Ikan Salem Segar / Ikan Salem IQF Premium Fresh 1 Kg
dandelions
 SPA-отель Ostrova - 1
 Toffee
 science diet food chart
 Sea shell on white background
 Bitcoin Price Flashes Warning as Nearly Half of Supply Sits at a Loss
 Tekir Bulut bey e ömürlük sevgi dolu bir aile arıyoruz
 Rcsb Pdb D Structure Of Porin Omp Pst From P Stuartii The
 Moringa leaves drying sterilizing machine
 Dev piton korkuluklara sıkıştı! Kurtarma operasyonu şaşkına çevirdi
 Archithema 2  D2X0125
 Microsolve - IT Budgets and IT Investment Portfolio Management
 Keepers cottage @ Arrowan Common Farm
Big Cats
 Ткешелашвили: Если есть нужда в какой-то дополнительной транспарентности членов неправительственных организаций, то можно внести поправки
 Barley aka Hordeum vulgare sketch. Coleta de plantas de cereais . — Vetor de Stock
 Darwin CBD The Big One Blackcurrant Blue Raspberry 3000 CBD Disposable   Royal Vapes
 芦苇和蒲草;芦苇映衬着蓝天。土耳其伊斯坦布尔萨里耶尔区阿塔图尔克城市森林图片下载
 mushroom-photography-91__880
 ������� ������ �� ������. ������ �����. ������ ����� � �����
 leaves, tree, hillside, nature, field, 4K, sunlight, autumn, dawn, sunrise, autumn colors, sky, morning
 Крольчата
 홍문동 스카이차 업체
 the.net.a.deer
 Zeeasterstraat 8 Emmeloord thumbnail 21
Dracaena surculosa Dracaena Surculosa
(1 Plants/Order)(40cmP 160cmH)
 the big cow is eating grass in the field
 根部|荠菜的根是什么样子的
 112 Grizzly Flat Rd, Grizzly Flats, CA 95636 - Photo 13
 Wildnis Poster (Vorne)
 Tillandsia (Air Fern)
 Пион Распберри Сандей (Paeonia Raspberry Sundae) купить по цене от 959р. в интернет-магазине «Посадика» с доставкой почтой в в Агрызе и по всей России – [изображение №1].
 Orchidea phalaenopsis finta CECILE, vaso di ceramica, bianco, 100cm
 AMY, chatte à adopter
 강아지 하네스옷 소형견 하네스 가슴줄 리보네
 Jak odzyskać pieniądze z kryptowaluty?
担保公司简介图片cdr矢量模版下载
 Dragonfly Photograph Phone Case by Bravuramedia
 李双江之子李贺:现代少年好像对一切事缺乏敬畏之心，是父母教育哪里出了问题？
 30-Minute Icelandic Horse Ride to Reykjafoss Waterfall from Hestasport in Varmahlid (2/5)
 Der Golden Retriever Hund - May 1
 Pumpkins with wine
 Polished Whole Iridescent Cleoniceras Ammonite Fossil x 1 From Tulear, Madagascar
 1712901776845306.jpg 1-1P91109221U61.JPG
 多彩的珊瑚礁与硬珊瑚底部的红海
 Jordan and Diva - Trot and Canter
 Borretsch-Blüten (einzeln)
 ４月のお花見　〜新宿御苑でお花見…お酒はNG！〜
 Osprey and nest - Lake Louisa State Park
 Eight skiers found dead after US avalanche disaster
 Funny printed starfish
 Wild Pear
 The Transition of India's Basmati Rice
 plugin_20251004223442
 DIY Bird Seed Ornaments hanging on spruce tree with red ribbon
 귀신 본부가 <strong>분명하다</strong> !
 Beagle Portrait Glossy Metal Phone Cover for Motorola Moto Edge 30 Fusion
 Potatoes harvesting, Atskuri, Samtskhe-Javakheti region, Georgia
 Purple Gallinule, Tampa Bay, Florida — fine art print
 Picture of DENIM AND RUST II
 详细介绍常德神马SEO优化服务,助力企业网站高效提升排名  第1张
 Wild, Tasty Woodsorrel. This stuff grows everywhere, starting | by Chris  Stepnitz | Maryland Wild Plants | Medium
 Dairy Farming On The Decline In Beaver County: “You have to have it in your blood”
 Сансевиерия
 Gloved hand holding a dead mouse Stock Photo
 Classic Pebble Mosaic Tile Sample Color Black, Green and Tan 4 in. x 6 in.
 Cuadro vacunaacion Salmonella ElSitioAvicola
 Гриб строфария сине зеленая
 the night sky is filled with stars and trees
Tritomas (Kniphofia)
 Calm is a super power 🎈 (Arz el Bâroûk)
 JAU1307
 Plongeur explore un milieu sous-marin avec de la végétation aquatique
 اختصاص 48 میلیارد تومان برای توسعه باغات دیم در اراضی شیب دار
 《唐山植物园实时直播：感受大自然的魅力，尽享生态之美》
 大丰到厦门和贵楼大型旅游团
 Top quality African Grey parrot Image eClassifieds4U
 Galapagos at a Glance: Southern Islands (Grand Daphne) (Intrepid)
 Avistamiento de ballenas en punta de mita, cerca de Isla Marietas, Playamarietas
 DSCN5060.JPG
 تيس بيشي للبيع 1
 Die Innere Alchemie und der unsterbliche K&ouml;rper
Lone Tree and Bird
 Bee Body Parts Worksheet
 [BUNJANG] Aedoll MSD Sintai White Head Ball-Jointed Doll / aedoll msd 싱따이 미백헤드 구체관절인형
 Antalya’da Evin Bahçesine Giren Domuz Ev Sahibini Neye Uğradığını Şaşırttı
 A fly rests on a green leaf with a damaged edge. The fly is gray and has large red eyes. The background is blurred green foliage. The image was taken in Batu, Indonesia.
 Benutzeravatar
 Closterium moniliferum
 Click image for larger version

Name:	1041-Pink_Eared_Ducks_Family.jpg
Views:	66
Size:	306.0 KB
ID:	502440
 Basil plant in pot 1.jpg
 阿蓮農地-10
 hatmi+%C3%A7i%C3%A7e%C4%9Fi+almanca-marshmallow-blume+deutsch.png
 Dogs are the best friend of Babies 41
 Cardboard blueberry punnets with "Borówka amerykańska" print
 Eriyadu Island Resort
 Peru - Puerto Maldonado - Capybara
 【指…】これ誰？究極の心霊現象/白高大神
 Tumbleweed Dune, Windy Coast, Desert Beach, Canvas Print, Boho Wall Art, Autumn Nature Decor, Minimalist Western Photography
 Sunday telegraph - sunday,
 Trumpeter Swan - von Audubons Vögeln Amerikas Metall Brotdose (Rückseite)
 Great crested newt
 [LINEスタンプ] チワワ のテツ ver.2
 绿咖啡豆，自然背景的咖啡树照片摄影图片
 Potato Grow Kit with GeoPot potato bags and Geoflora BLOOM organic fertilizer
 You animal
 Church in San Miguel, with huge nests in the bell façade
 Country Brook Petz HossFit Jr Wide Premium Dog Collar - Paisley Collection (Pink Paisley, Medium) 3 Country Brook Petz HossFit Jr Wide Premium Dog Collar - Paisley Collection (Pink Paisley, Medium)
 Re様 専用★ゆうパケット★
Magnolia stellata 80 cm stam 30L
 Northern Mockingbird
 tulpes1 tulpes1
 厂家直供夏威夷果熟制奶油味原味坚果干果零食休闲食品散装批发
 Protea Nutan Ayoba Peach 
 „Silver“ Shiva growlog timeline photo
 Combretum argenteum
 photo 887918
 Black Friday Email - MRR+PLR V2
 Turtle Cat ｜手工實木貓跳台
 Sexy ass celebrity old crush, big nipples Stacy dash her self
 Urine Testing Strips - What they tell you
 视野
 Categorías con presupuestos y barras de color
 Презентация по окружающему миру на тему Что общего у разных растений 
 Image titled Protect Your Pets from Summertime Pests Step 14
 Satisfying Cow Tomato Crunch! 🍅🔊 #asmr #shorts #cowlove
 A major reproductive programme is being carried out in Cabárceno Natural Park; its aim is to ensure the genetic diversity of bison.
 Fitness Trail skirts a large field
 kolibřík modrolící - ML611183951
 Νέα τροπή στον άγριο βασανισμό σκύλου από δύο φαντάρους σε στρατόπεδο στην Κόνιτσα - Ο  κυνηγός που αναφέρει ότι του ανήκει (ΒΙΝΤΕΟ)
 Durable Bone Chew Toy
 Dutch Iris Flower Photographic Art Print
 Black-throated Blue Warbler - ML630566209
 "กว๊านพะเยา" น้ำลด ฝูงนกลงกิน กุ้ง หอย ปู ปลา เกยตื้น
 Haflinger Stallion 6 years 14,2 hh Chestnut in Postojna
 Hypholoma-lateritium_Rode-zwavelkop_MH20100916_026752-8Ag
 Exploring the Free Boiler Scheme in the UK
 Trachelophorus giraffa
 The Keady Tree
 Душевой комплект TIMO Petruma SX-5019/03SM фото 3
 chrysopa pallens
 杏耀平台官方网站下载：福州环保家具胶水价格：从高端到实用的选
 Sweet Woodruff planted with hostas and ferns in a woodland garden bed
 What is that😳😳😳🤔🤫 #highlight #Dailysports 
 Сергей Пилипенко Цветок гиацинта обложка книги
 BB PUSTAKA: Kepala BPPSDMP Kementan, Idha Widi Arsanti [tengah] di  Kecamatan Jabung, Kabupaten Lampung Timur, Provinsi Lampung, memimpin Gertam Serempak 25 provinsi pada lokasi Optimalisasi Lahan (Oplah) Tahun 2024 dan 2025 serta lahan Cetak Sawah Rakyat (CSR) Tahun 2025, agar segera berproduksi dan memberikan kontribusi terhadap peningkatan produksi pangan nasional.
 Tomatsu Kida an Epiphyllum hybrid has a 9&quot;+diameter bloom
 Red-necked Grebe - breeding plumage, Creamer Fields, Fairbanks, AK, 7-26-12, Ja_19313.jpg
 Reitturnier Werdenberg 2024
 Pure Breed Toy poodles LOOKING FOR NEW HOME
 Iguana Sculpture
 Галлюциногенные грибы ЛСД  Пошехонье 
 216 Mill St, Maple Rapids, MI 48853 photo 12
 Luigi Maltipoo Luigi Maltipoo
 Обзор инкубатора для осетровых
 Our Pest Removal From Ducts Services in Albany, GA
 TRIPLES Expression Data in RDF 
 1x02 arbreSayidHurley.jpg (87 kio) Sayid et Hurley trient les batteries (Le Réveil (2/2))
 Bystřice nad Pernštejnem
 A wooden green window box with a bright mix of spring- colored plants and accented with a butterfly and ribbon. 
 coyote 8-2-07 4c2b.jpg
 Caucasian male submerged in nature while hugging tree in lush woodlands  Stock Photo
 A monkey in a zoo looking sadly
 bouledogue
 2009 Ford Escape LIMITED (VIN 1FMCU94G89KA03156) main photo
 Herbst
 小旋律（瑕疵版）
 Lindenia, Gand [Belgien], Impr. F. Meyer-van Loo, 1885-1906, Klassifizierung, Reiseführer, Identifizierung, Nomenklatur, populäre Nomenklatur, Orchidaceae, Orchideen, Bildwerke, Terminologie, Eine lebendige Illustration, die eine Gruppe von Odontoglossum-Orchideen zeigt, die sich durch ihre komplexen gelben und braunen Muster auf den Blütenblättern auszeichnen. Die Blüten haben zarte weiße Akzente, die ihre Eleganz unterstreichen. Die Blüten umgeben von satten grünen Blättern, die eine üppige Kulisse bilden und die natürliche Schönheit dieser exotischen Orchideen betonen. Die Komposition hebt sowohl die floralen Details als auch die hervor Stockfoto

Exercise details |
Search the listing for the word "Phone", and copy every line in which it is found.

Answer section |
 Dragonfly Photograph Phone Case by Bravuramedia
 Beagle Portrait Glossy Metal Phone Cover for Motorola Moto Edge 30 Fusion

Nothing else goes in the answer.